Benefits of Socure Account Intelligence

SAI’s bank account verification solution offers multiple advantages over legacy methods, including:

  • Improved customer experience: SAI enables faster and more frictionless onboarding and payments, avoiding requiring the login credentials used by permission-based alternatives.
  • Enhanced efficiency: Real-time verifications and automation eliminate the need for manual interventions.
  • Inclusive coverage: Verifies accounts at digital banks, credit unions, and regional institutions, unlocking 10-20% more coverage for hard-to-verify consumers such as Gen Z or new-to-country.
  • Bolstered security: SAI’s approach eliminates the need for customers to share sensitive banking credentials.
  • Cost savings: Unlike most verification solutions that charge a fee per transaction, Socure offers a pay-for-performance model that features volume-based discounts. If SAI fails to provide a definitive verification, no fee is owed.
  • Upgraded compliance: SAI adheres to Nacha’s WEB Debit Account Validation Rule. Compliance with this rule is required to complete any ACH transactions.
  • Greater assurance: When SAI is paired with Socure’s identity and fraud solutions, Socure’s consortium database of actual customer outcomes of over 2 billion known good and bad identities provides increased confidence in good customer outcomes.

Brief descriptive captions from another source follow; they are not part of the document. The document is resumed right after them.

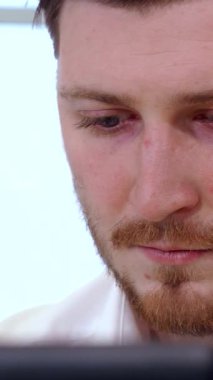 Kararlı genç bir beyaz erkek yönetici öne eğiliyor, delici mavi gözleri modern ofis pencerelerinden akan parlak doğal ışıkla aydınlanan dizüstü bilgisayara kilitlenmiş. Şık beyaz gömleği ve bakımlı sakalı yansıtıyor.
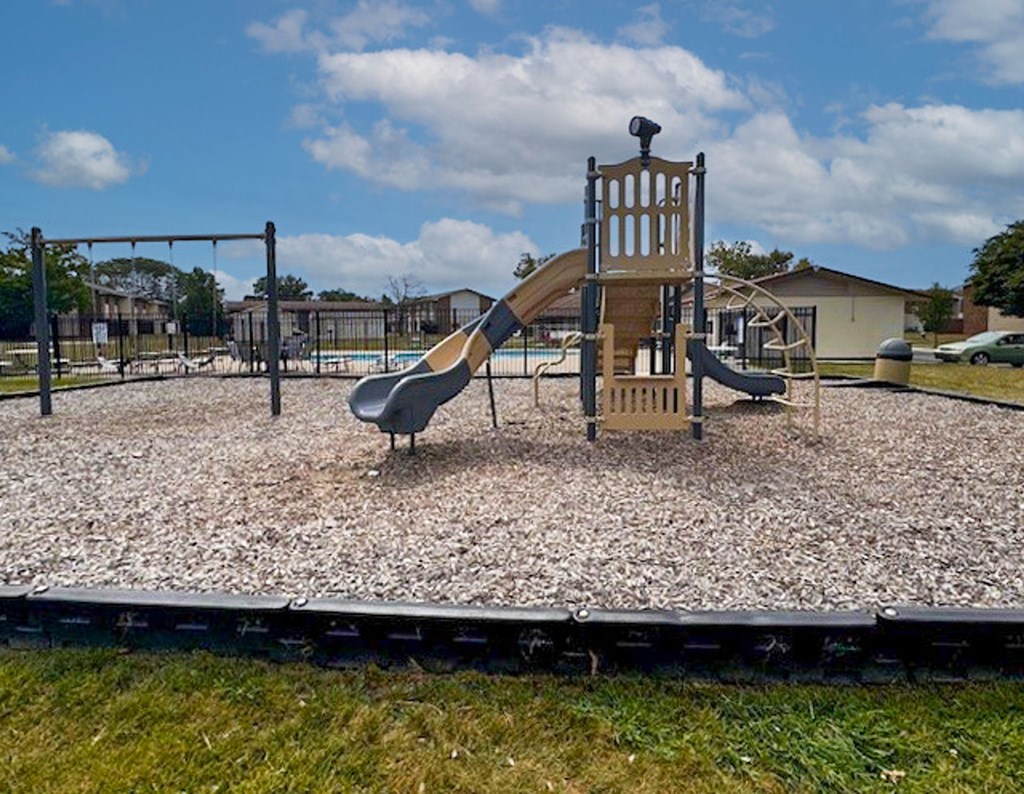 A playground with a slide and a wooden structure.
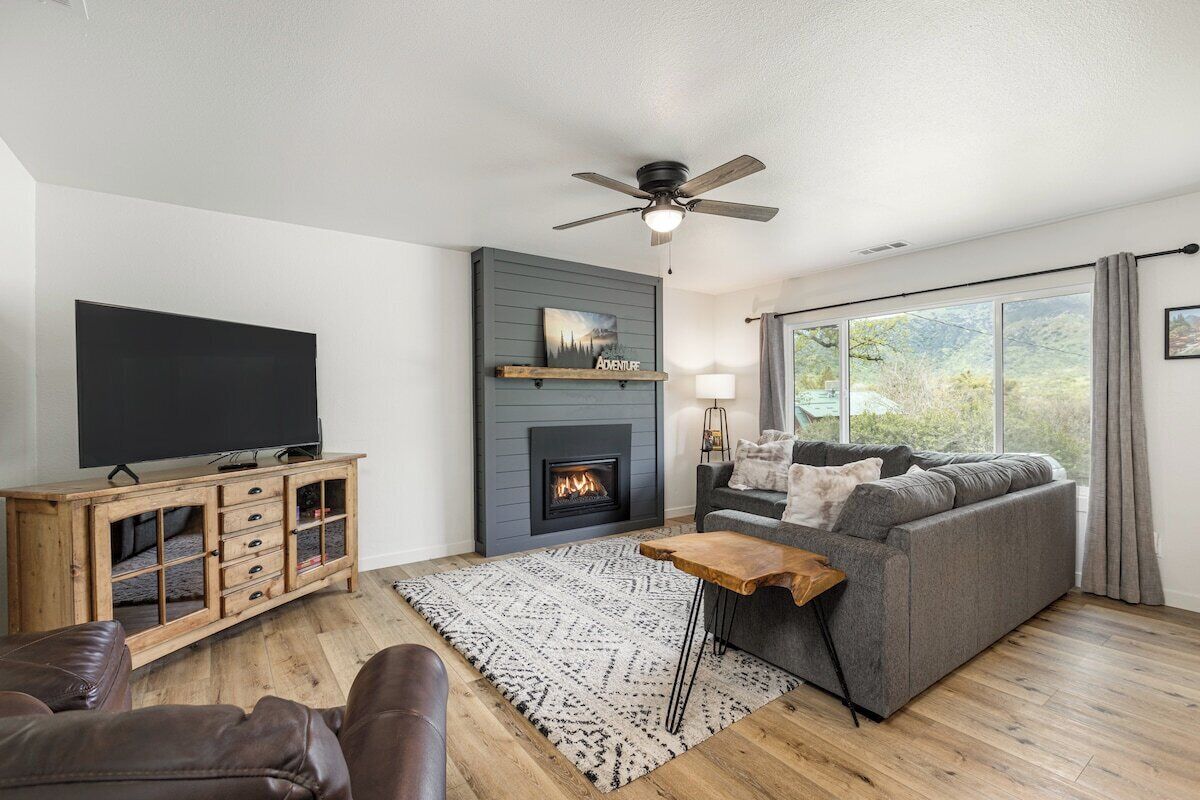 A modern living room with a fireplace, a television, and a sofa.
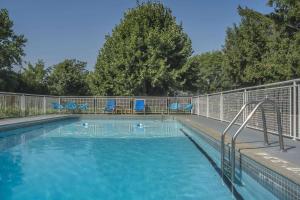 una piscina con sillas azules y una valla en Rodeway Inn Fallsview, en Niagara Falls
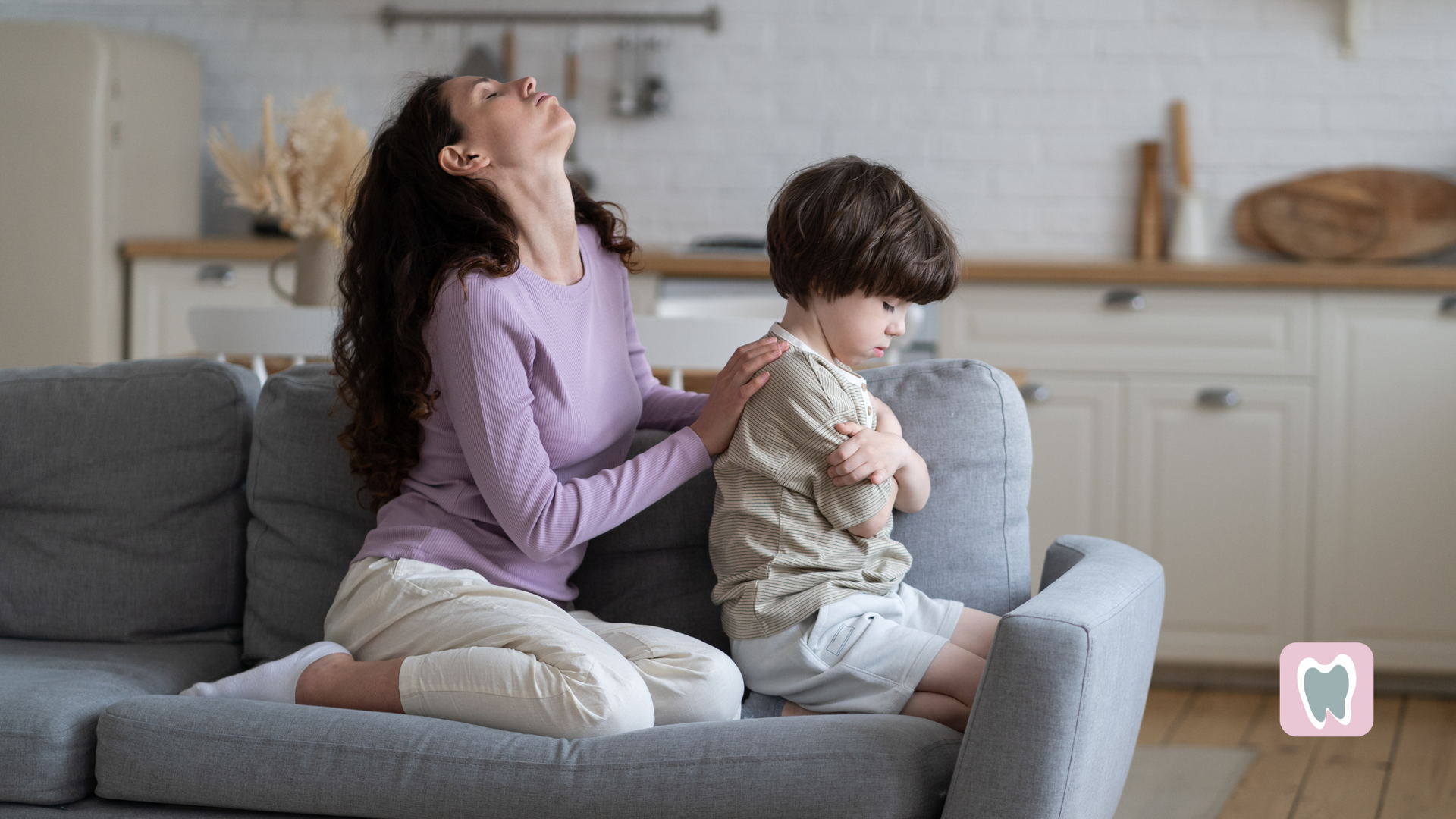 A woman is sitting on a couch with a child.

How SAI 2.0 Enables Inclusive Financial Access

For thin-file consumers who cannot easily access and participate in the traditional financial system, SAI 2.0 helps drive inclusive access by ensuring that they can benefit from bank account verification.

Socure Account Intelligence 2.0 helps businesses verify and include more diverse customer segments such as:

  • Gig economy workers paid through digital platforms
  • Immigrants and expats using regional or home country banks
  • Younger consumers favoring digital-only banks
  • Low-income households relying on local credit unions

By providing access to the broader financial system, expanding bank account verification promotes financial inclusion and equity around the world.

Instant Account Verification For Traditional and Non-Traditional Accounts

Without trustworthy bank account verification, businesses cannot confidently conduct secure transactions online, harming the growth of the digital economy. While legacy methods are limited in speed, scope, and effectiveness, Socure Account Intelligence 2.0 offers instant, frictionless, and accurate verification for both traditional and non-traditional accounts. SAI 2.0 enables users to automatically verify bank accounts, seamlessly onboard customers, and effectively mitigate the risk of fraud.